Je pense qu’il y a très peu de lecteurs de PPM dans les gens qui ont 10 ans de pratique.

A lire le récit que tu en fais de cet article, j’ai l’impression que les idées du père sont désormais celles du fils.
Je confirme que le CEM a toujours été parmi les écoles les moins téméraires, bien souvent les premiers à renoncer et les derniers à jouer aux fusibles.

Si c’est un article sur la sécurité, peut-être que Cyrille accepterait qu’il soit largement publier, et surtout débattu, c’est comme cela qu’on progresse.

Je n’ai pas lu l’article.
Je fais parti de ceux qui croient qu’il n’est pas nécessaire de faire un SIV pour pratiquer ce loisir en “sécurité”.
Par contre je suis en total désaccord avec cette phrase “Le SIV est un super outil de progression personnel quand il est fait aux bonnes étapes”

Je pense que l’on peut faire un SIV dès que l’on est autonome, cela ne peut être qu’instructif.
Les pilotes qui se prennent pour des champions après être sorti d’une auto-rotation provoquée ou après un décrochage étaient déjà dans la catégorie des pilotes téméraires avant le stage à mon sens.

Est ce que le fait de faire un SIV à un impact sur l’accidentologie? Je doute qu’il est un impacte négatif mais j’aimerais connaître la réponse statistique.

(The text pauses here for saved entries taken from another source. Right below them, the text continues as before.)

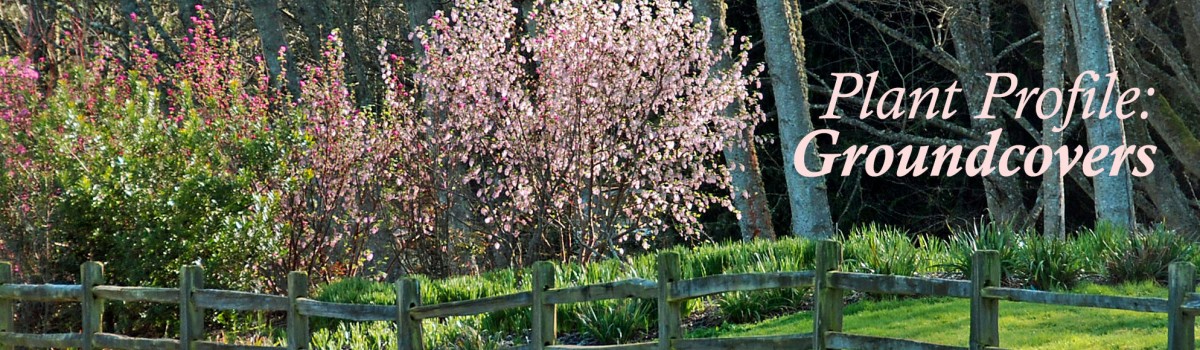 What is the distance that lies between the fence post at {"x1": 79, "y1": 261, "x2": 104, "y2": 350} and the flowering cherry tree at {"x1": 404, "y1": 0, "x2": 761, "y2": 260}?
3714mm

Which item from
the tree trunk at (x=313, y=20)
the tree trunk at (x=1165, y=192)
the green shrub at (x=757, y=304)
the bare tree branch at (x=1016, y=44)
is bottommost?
the green shrub at (x=757, y=304)

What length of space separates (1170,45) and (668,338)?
12637mm

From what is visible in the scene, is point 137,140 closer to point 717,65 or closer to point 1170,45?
point 717,65

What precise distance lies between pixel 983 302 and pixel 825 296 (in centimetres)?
92

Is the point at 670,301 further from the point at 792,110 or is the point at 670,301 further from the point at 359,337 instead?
the point at 792,110

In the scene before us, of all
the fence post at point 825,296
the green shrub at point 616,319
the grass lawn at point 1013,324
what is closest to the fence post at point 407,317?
the green shrub at point 616,319

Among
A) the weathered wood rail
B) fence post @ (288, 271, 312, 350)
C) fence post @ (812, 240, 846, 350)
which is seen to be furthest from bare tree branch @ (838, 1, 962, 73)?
fence post @ (288, 271, 312, 350)

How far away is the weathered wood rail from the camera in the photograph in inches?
253

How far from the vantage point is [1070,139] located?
1991 centimetres

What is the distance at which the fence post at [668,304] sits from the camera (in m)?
7.57

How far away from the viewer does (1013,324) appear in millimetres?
8711

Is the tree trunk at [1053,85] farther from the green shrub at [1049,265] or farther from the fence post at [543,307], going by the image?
the fence post at [543,307]

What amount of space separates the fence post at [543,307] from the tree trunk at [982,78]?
11.4 meters

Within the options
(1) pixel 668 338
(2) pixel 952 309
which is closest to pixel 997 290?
(1) pixel 668 338
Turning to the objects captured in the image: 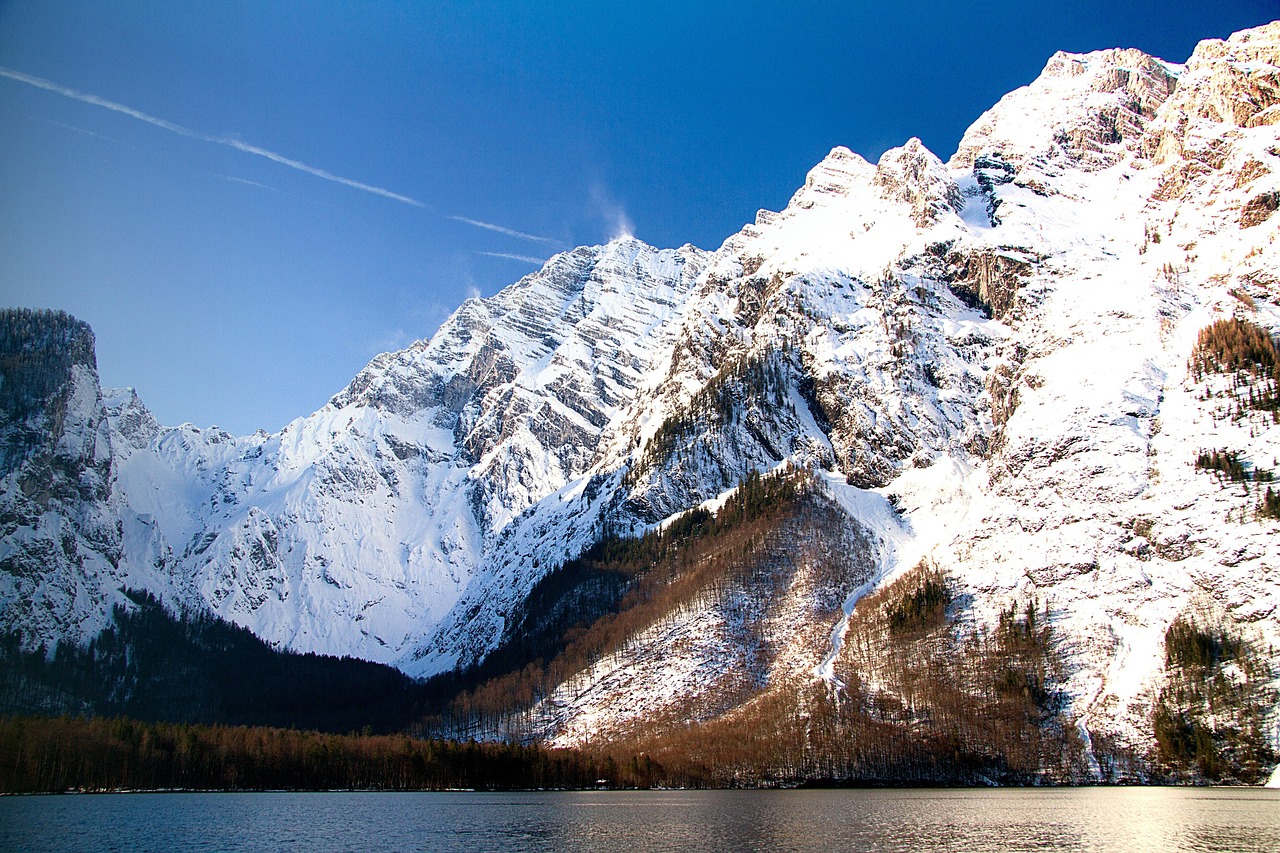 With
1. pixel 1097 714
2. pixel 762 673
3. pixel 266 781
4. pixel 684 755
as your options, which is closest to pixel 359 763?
pixel 266 781

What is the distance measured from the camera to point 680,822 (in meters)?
95.2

Sûr, ça fait au moins 15 ans, si pas plus, que ppm (Parapente Mensuel) n’existe plus.

Salut MichM, content de te lire. :trinq:

La mort, les accidents, la maladie, les blessures irréversibles, la paralysie et la vie. Vaste débat intérieur. Je suis fataliste de nature : quand ce n’est pas notre heure, ce n’est pas notre heure. Et des fois c’est notre heure alors que l’on ne cherche rien.
On pourra s’entourer de toutes les précautions (moto, parapente), si ça se trouve on chopera un cancer à cause des ondes wifi ou du nuage atomique laissé échappé par la Russie ou juste parce qu’on aura bu trop de thé ou mangé trop de viande d’origine inconnue. Bref… nul ne peut prédire quand sa dernière heure sera arrivée.
Ce n’est pas pour cette raison que l’on doit ne pas surveiller sa prévol ou se lancer dans l’air sans analyse. Car rien ne vaut la vie, un beau coucher de soleil et la liberté de se déplacer sans aide.
Mon mémoire de deuxième cycle était sur l’insertion des personnes handicapées dans le monde du travail et je sais à quel point ne pas avoir ses deux jambes et ses deux bras ou sa colonne vertébrale intacte peut rendre la vie tellement plus difficile.
Quand on voit les prouesses réalisées par les médecins pour sauver une personne, quand on voit la somme considérable de moyens déclenchés pour sauver une seule personne en montagne par exemple, on ne peut évidemment pas se dire que la vie en vaut rien. Quand on sait que normalement le lendemain, on sera toujours sur cette terre alors que d’autres dans des pays où règnent la guerre, la famine ou la pauvreté, rien n’est moins sûr, alors oui on n’a pas le droit de se dire que notre vie n’a pas d’importance. Même écrire des c… sur le Chant du Vario a une certaine valeur :wink: alors vivons notre vie comme on le sent, vivons nos passions comme si c’était le premier jour, avec enthousiasme et prudence. Tout est certes relatif mais une fois là-haut, on n’aura plus vraiment le loisir de s’adonner à ce qui fait notre bonheur ici bas.
Je préfère cent fois mourir instantanément dans un accident de moto ou de parapente plutôt que gémir sur un lit dans d’atroces souffrances dues à je ne sais quelle maladie, mais le plus tard possible quand même !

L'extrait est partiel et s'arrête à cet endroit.